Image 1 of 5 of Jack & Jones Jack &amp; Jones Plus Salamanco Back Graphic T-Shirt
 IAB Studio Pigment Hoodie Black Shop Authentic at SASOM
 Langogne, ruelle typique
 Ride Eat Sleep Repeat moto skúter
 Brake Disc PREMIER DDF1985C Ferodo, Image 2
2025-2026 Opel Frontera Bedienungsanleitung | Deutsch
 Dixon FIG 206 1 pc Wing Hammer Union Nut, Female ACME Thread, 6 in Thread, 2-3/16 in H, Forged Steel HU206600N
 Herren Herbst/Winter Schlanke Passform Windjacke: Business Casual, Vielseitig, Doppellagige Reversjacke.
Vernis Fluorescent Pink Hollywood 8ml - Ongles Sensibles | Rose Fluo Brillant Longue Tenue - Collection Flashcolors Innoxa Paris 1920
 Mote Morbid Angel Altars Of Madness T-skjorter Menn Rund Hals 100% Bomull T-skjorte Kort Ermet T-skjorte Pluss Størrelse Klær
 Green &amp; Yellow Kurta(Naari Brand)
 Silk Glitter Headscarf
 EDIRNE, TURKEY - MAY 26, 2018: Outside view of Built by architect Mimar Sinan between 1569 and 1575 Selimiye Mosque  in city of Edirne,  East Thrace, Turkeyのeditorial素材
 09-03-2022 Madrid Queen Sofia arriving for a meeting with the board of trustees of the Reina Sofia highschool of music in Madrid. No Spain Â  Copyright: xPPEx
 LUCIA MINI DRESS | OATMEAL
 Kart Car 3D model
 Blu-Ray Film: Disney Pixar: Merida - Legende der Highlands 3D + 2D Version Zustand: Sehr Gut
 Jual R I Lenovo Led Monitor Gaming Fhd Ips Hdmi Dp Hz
§
# Task details:
Look above for the line that contains "IAB Studio Pigment". That line and every line after it through the end of the data must be written out exactly, with nothing else.

# Task result:
 IAB Studio Pigment Hoodie Black Shop Authentic at SASOM
 Langogne, ruelle typique
 Ride Eat Sleep Repeat moto skúter
 Brake Disc PREMIER DDF1985C Ferodo, Image 2
2025-2026 Opel Frontera Bedienungsanleitung | Deutsch
 Dixon FIG 206 1 pc Wing Hammer Union Nut, Female ACME Thread, 6 in Thread, 2-3/16 in H, Forged Steel HU206600N
 Herren Herbst/Winter Schlanke Passform Windjacke: Business Casual, Vielseitig, Doppellagige Reversjacke.
Vernis Fluorescent Pink Hollywood 8ml - Ongles Sensibles | Rose Fluo Brillant Longue Tenue - Collection Flashcolors Innoxa Paris 1920
 Mote Morbid Angel Altars Of Madness T-skjorter Menn Rund Hals 100% Bomull T-skjorte Kort Ermet T-skjorte Pluss Størrelse Klær
 Green &amp; Yellow Kurta(Naari Brand)
 Silk Glitter Headscarf
 EDIRNE, TURKEY - MAY 26, 2018: Outside view of Built by architect Mimar Sinan between 1569 and 1575 Selimiye Mosque  in city of Edirne,  East Thrace, Turkeyのeditorial素材
 09-03-2022 Madrid Queen Sofia arriving for a meeting with the board of trustees of the Reina Sofia highschool of music in Madrid. No Spain Â  Copyright: xPPEx
 LUCIA MINI DRESS | OATMEAL
 Kart Car 3D model
 Blu-Ray Film: Disney Pixar: Merida - Legende der Highlands 3D + 2D Version Zustand: Sehr Gut
 Jual R I Lenovo Led Monitor Gaming Fhd Ips Hdmi Dp Hz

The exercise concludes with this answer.